DENVER, Colo. – The vast majority of C-suite respondents taking part in the 11th annual Excellence in Risk Management Survey say that risk management is playing a more strategic role within organizations, but its full potential is not being realized.
Marsh and RIMS released a joint report Monday during the RIMS 2014 Annual Conference & Exhibition in Denver. The survey was compiled from online responses received in February from almost 600 risk professionals, C-suite executives and others involved in risk-related functions.
In all, 93% of C-suite respondents indicated risk management carries either some or significant impact on setting their organization’s business strategy. In fact, 76% of those polled confirmed their organizations treat risk management as a key strategic function.
That said, only 20% of C-suite respondents reported their organizations use the risk management function to its fullest abilities.
It is encouraging that risk management “has evolved over the past 10 years into a role that is much more aligned to an organization’s strategic planning,” Carol Fox, director of the strategic and enterprise risk practice at RIMS, says in a joint statement.

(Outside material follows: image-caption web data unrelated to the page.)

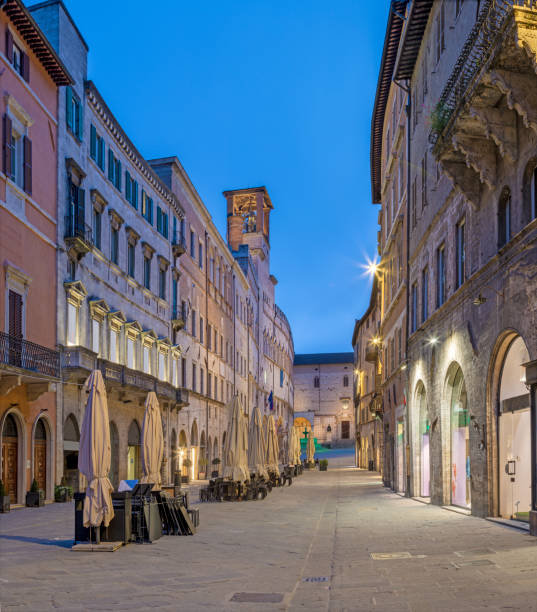 istock Perugia - The street Corso Pietro Vannucci at dusk. 2173504865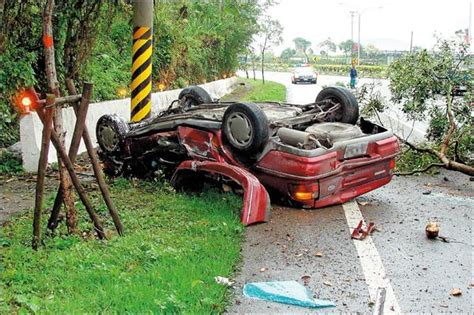 偷車出遊撞電桿 少女2死1傷 社會 自由時報電子報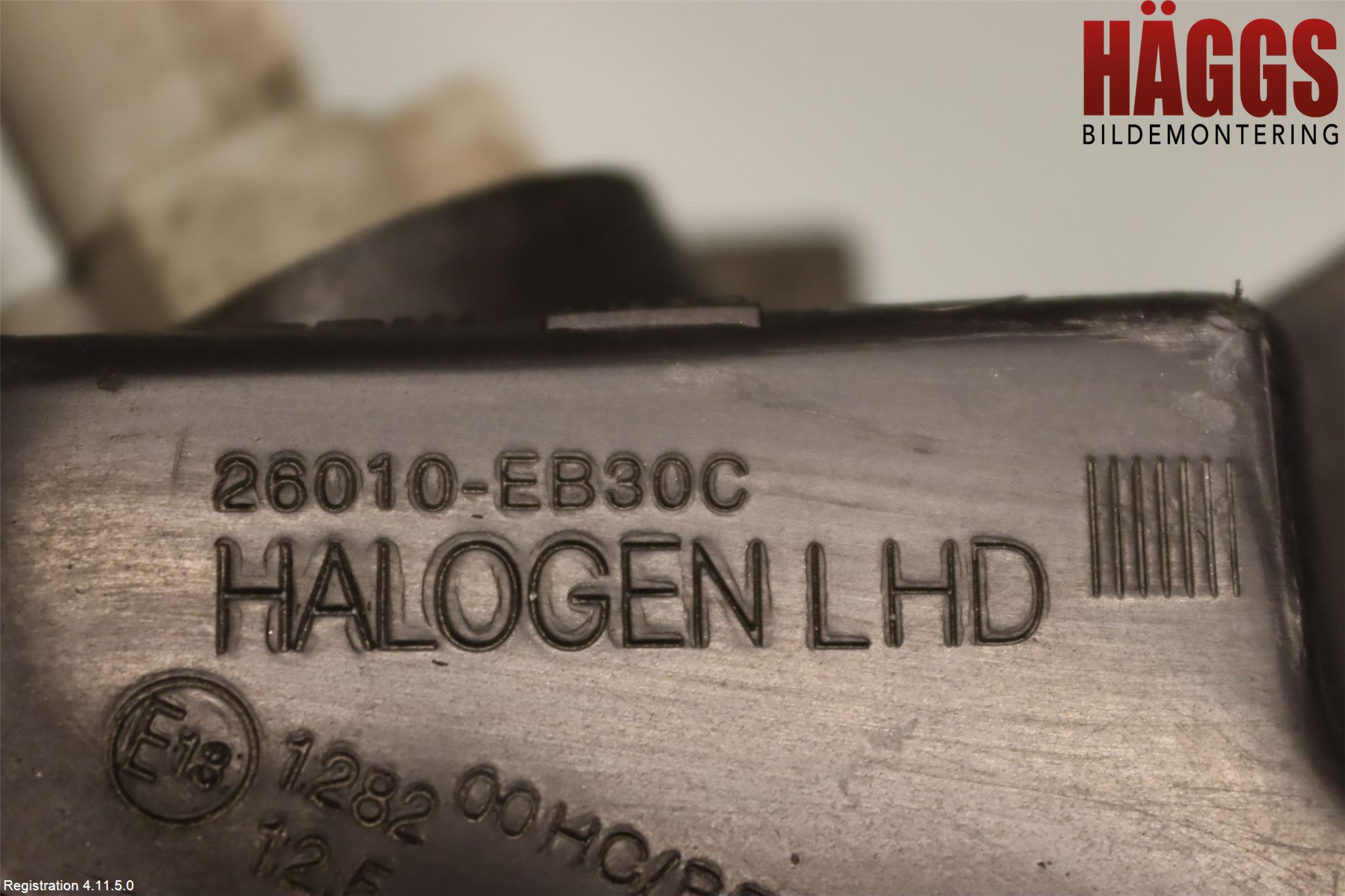 Nissan NAVARA 05-16 Strålkastare Höger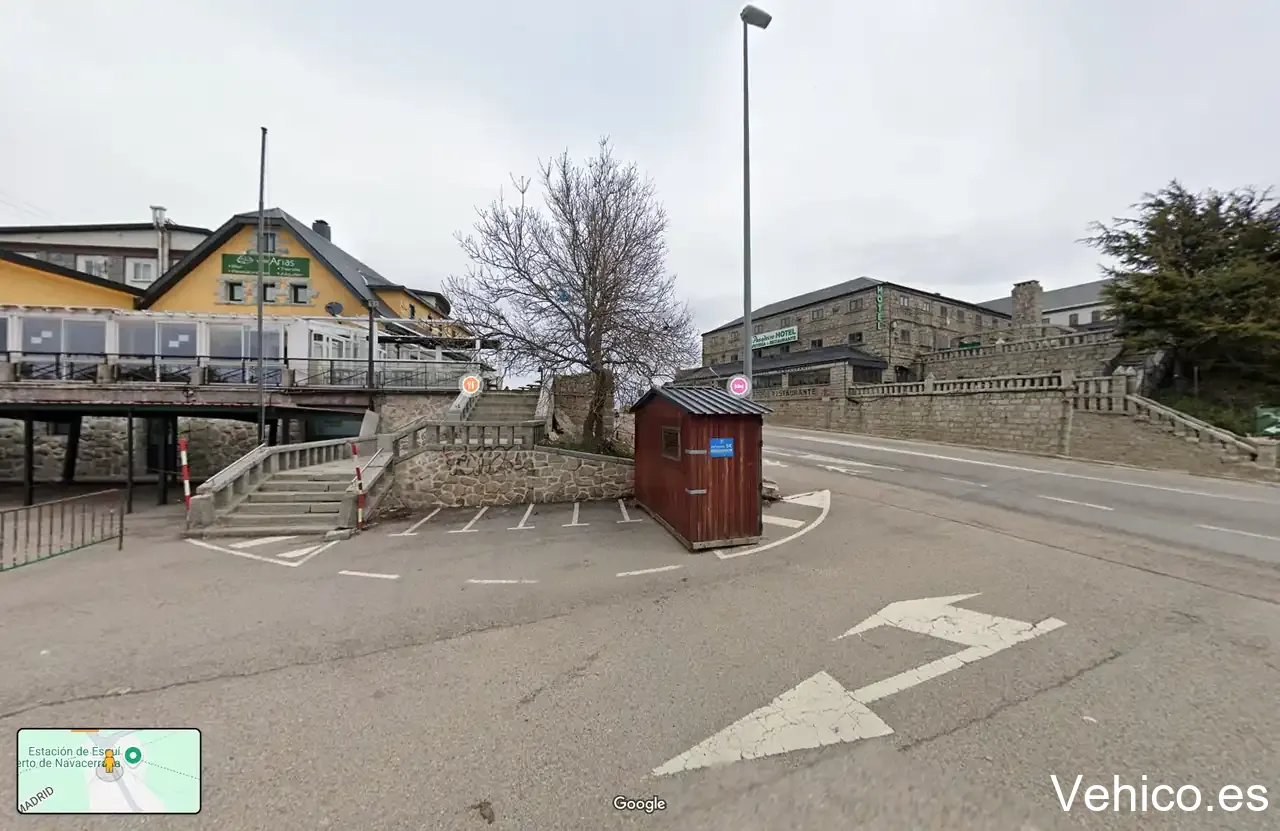 Dos Castillas Parking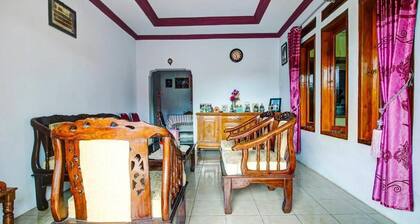 OYO 91242 Desa Wisata Cibuntu Kuningan Syariah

There is “more pressure on risk professionals to become increasingly strategic in support of organizational prosperity. While the last several years’ surveys have shown only incremental movement in grabbing this opportunity, the 2014 results are encouraging, showing that risk professionals are deploying new approaches and building capabilities inside their organizations,” notes the report.
Despite the positive evolution in risk management, though, “there always is more to do and additional opportunities to be uncovered and seized,” Fox says, citing as an example what can be done through deeper use of analytics.
“By its nature, risk management relies on data and, in this era of Big Data, can no longer function as a technological runner-up,” the report states.
“If used properly, data and analytics can help organizations make better business decisions while at the same time, increase the profile of risk management within the organization,” Brian Elowe, a managing director at Marsh, suggests in the joint statement.
C-suite respondents ranked risk mitigation and risk identification as their top two areas where organizations would benefit from improved use of data and analytics. For risk professional respondents, they ranked risk bearing capacity and risk quantification as their top areas.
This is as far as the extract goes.